The brilliant, yet humble Narine was elated at the gathering that commenced in the central parlor of the Players and flowed out to the outer sitting room to the right, as well as to the large screening room to the left. In addition to Holder and Martello, he was enthusiastically congratulated by the special celebrity guests from "Fela!" The talented Caribbean beauties Nicole Chantal de Weever, Elasea Douglas and Oneika Phillips warmly embraced and applauded Narine and posed for photos with him.

The Grenadian stunner Oneika was surprised by her consul general, the Honorable Derek James of the Consulate of Grenada. After James read a piece that I wrote about the triple-threat talent in the NY Amsterdam News suggesting that Oneika be considered as a celebrity ambassador for Grenada, he stopped by upon my request. Judging from his reaction, he got it! A follow-up meeting is being scheduled between the two charismatic Grenadians for further discussion, to which I have also been invited.

Not to be left out, the fabulous, Aruban-born Pearl Baeina, a dynamic photographer with Grenadian ties who recently returned from living in Switzerland, was heartily greeted by the consul general. Another Aruban, the wonderful and popular Ingrid Charles, was also on the scene.

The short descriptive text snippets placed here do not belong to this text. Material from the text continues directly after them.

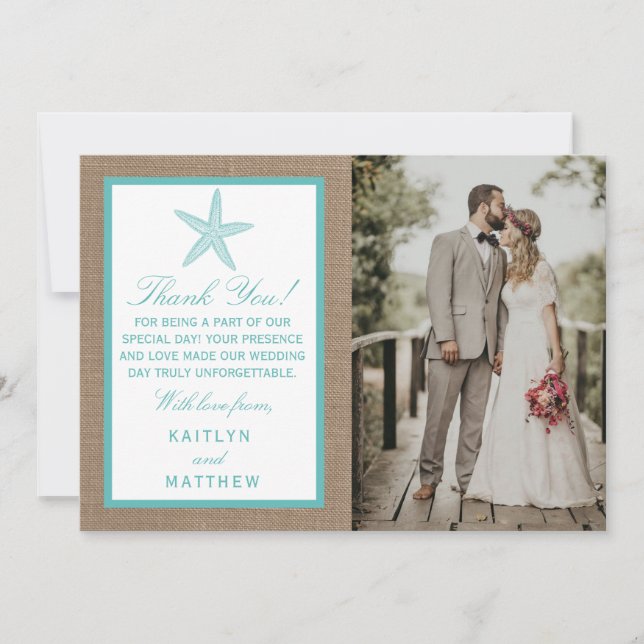 Turquoise Starfish Burlap Beach Wedding Collection Dankeskarte (Vorderseite)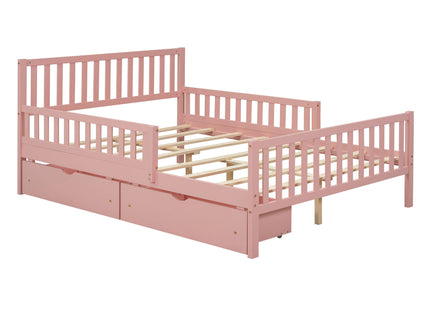 Platform Bed With Guardrails On Both Sides And 2 Storage Drawers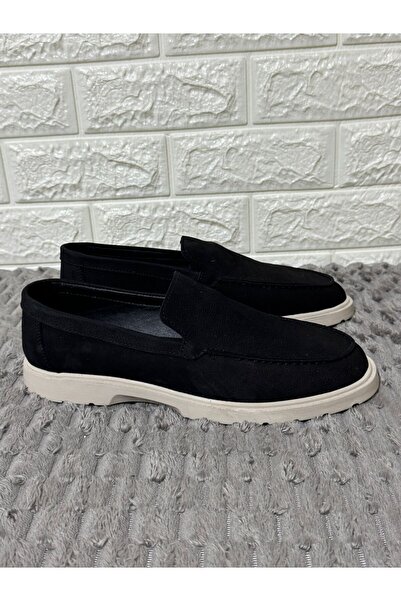 Greyybull Shoes pantofi tip loafer pentru bărbați din piele nubuc neagră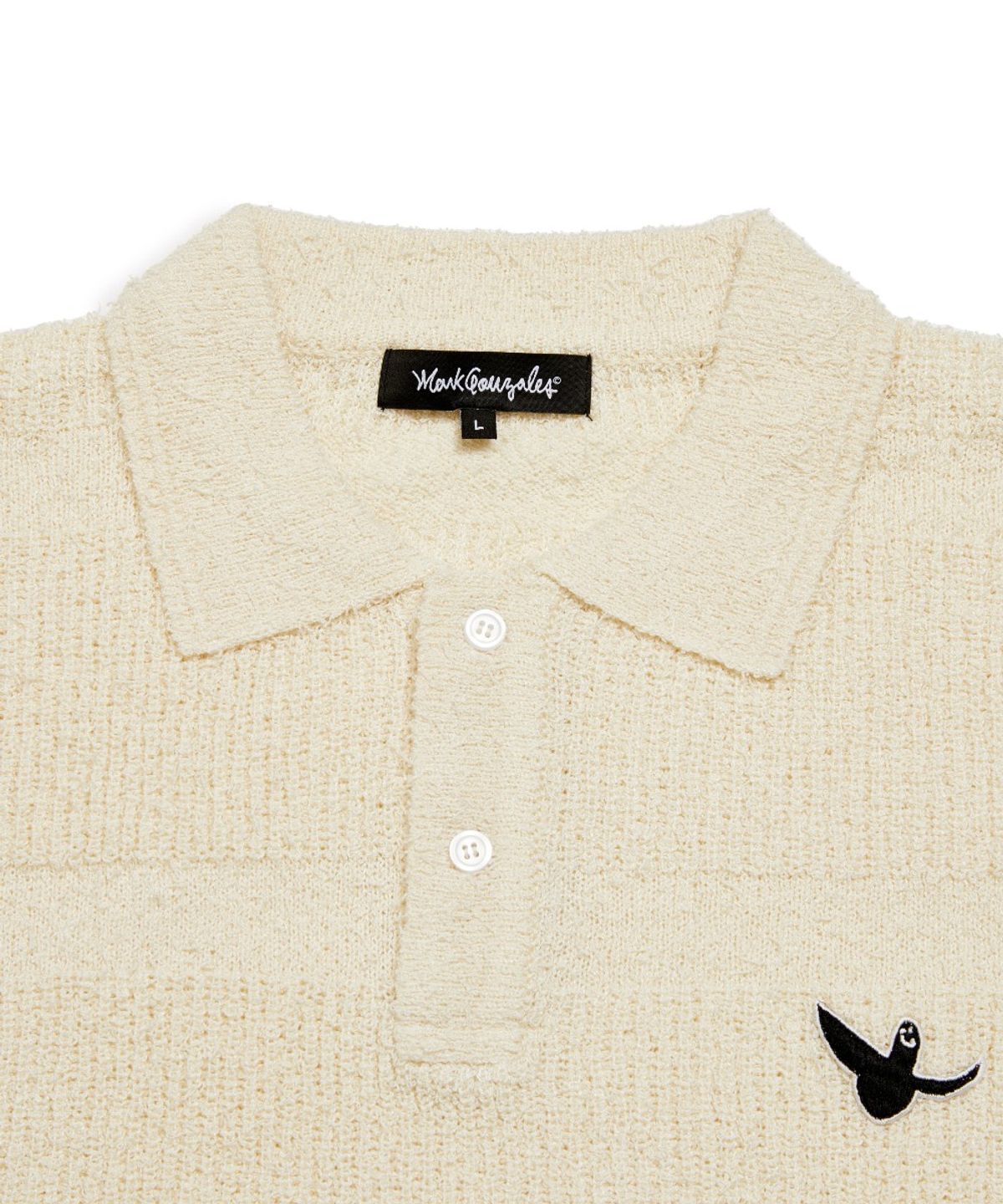 마크곤잘레스(MARK GONZALES) STRIPE KNIT S/S POLO - IVORY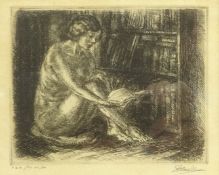 John Sloan (USA 1871-1951): 'Nude by Bookcase', proof etching signed in pencil,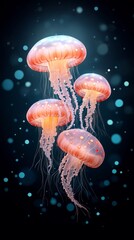Enchanting Group of Glowing Pink Jellyfish Underwater Bioluminescent Marine Life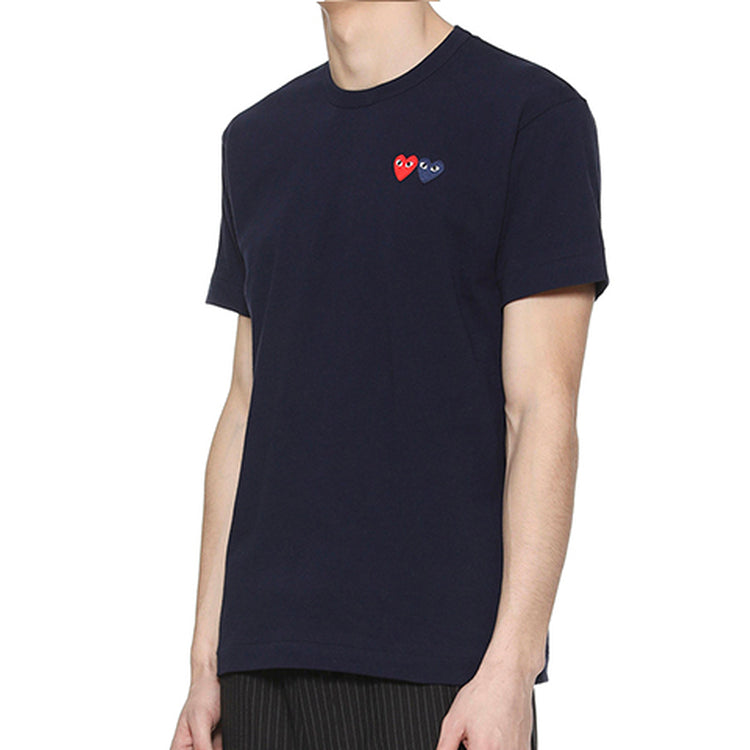 COMME des GARCONS PLAY Basic T-Shirt Two Emblems 'Navy' AZ-T226-051-2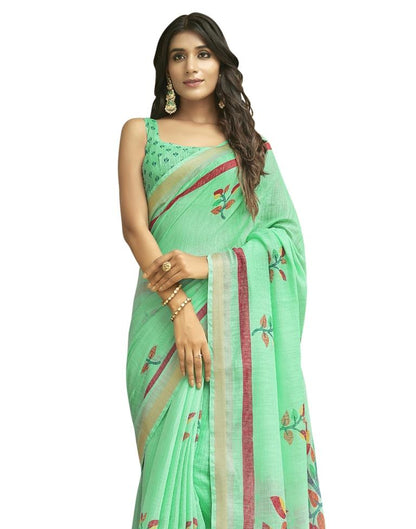 Sea Green Coloured Poly Cotton Printed Casual saree | Sudathi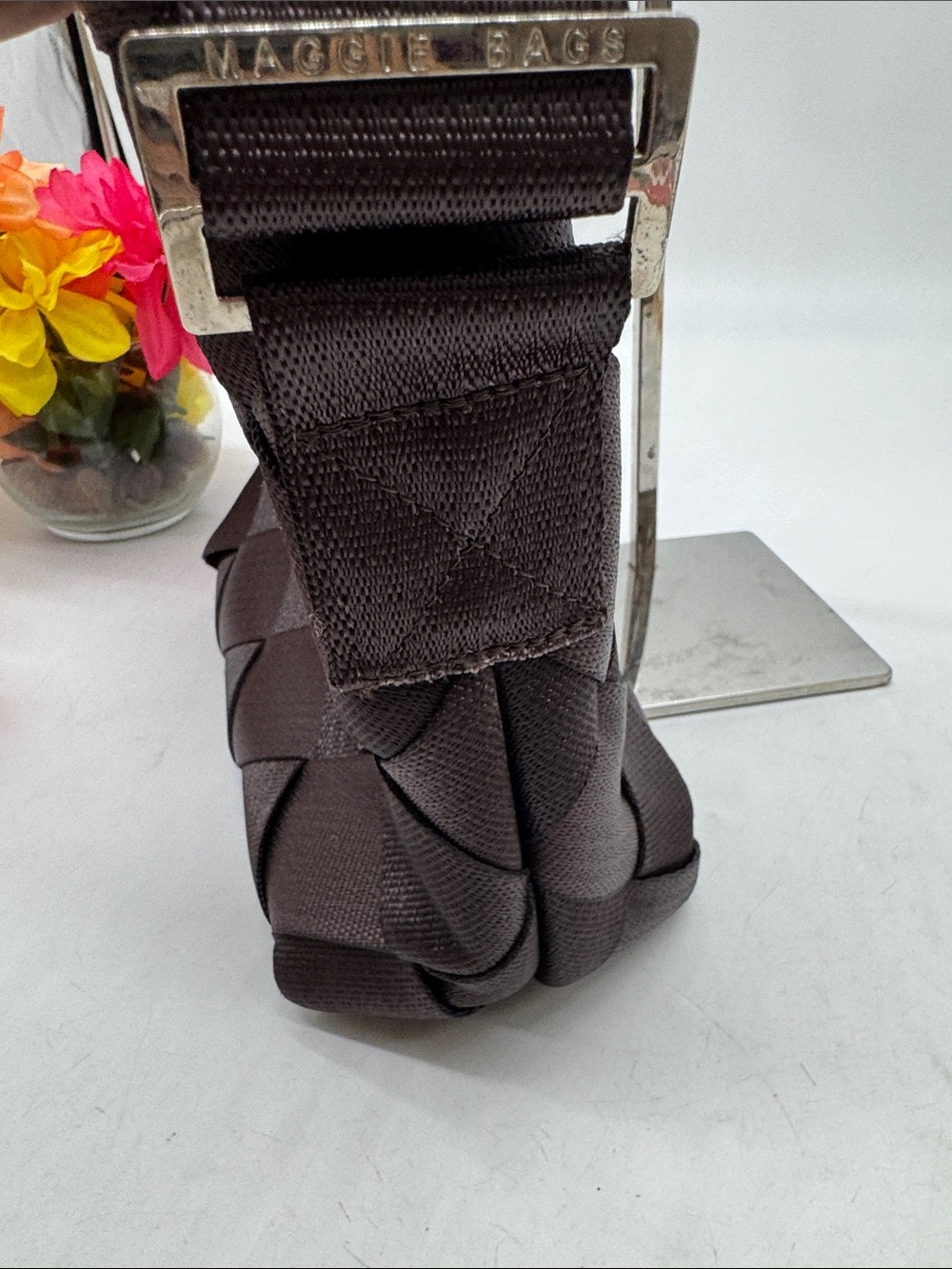 Maggie Bags Chocolate Brown Woven Crossbody Bag MCB10358 - Picture 6 of 14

Our other special guest, Jean Alexander, received the International Caribbean American Diaspora Film Theatre & Literary Festival Geoffrey Holder Trinity Awards' Guiding Light for her exemplary role as a leader in the Caribbean community. Alexander is the executive director of the Caribbean Center of New York as well as a board member of the 43-year-old West Indian American Day Carnival Association.

The packed room also included the prominent Trinidadian poet Mervyn Taylor, who is featured in "MAS MAN"; Leon and Brenda Denmark; Sandra Bell; Anthony Alexander and his guests from London; Joan Bogle; Mahen Bonetti, executive director, African Film Festival; Hollis King; Don Padgett; Michael Graves; Thelma Armstrong; Andrea Flynn; Myrna Long; Rosa Billingslea; Hakim Mutlaq; Joyce Stewart; Donna Charles; Archbishop Dr. Ereline Eastman Simmons; Brian Adams of the Daily News and so many more. (Forgive me, as space is limited.) Everyone enjoyed "MAS MAN." Narine's brilliant, animated Q&A was an insightful and very special one, which was augmented by Holder, who joined him to discuss a variety of interesting themes.

Sponsors for the event included the Tony Award-winning musical "Fela!" along with Tower Isles Patties (thank you, Mr. Jolly and Trevor Smith); Madame Rinella Harty-Bolt; and Mario Douge, CEO of Cafe St. Germaine, and his manager, Ed Ohin. Our very special founding sponsor was the Martinique Promotions Bureau team, which included Jessica, Justine, Christal, and Valerie, headed by Muriel Wiltord, director of the Americas.

Special thanks to videographer Kenneth Spildren, photographers Pearl Baeni and Melina Marie Greene, and all our board members, especially Zakiyyah Ali and M. Pam Miller. Our appreciation also to the following "MAS MAN" gentlemen for lending their names to the event: Trinidad & Tobago Consulate General Dr. Harold Robertson, State Sen. Bill Perkins and Stephen Hendel, producer of "Fela!"

The International Caribbean American Diaspora Film Theatre and Literary Festival thanks everyone for their support. Great appreciation and acknowledgements go to the two wonderful magicians: the clever, funny and gracious Mr. John Martello and our dear friend, the inimitable Mr. Geoffrey Holder.